Pacifique : Paris reprend la main face à l’influence chinoise lors d’un sommet naval stratégique

La France lance les préparatifs d’un rendez-vous militaire majeur dans le Pacifique, dans un contexte de rivalités accrues avec la Chine.
Un sommet naval devenu hautement stratégique
Le 24 mars 2026, Paris ouvre officiellement la réunion préparatoire du Western Pacific Naval Symposium (WPNS), dont la 20e édition se tiendra en novembre à Tahiti.
Longtemps considéré comme un forum technique entre marines, le WPNS a changé de dimension ces dernières années.
Depuis l’édition organisée à Qingdao en 2024, sous l’impulsion de la Chine, ce rendez-vous est devenu un espace d’influence stratégique dans la région Indo-Pacifique.
Derrière les échanges sur la sécurité maritime ou la coopération navale, c’est désormais un enjeu de puissance qui se joue.
La France en première ligne dans le Pacifique
En prenant la présidence de cette édition 2026, la France envoie un signal clair : elle entend peser dans l’équilibre régional.
Puissance souveraine dans le Pacifique grâce à ses territoires ultramarins, dont la Polynésie française et la Nouvelle-Calédonie, Paris cherche à renforcer sa crédibilité militaire et diplomatique face à la montée en puissance chinoise.
L’organisation du sommet à Tahiti n’est pas anodine.
Elle permet à la France de replacer ses territoires au cœur des enjeux géopolitiques et de démontrer sa capacité à structurer un dialogue régional.
Une influence chinoise qui inquiète
Lors du dernier symposium en Chine, Pékin avait clairement affiché ses ambitions.
En accueillant près de 30 marines étrangères à Qingdao, la Chine avait transformé un forum technique en vitrine de sa puissance navale et de son influence diplomatique.
Depuis, plusieurs pays occidentaux observent avec prudence cette évolution, redoutant que le WPNS ne devienne un outil d’influence stratégique au service de Pékin.
La présidence française s’inscrit donc dans une logique de rééquilibrage.
Tahiti, nouveau centre de gravité stratégique
Le choix de Tahiti pour accueillir le sommet de novembre marque un tournant.
La Polynésie française devient, le temps du symposium, un point central du dialogue naval dans le Pacifique.
Un positionnement qui renforce indirectement l’importance stratégique de l’ensemble des territoires français dans la zone.
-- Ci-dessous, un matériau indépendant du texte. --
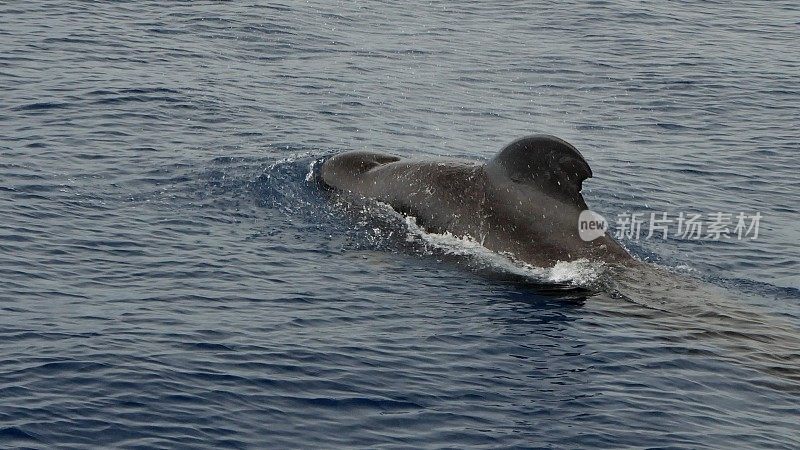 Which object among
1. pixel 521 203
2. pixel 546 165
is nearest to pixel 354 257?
pixel 521 203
Dans un contexte marqué par les tensions en mer de Chine, la sécurisation des routes maritimes et la compétition pour les ressources, ce sommet dépasse largement le cadre militaire.
Il s’impose comme un outil diplomatique majeur.
Une bataille d’influence qui ne dit pas son nom
Derrière les discours officiels sur la coopération et la sécurité maritime, le WPNS 2026 s’annonce comme un moment clé dans la rivalité entre puissances.
La Chine avance ses pions. La France tente de reprendre l’initiative.
Et au cœur de ce jeu stratégique, le Pacifique et donc la Nouvelle-Calédonie devient plus que jamais un espace central des équilibres mondiaux.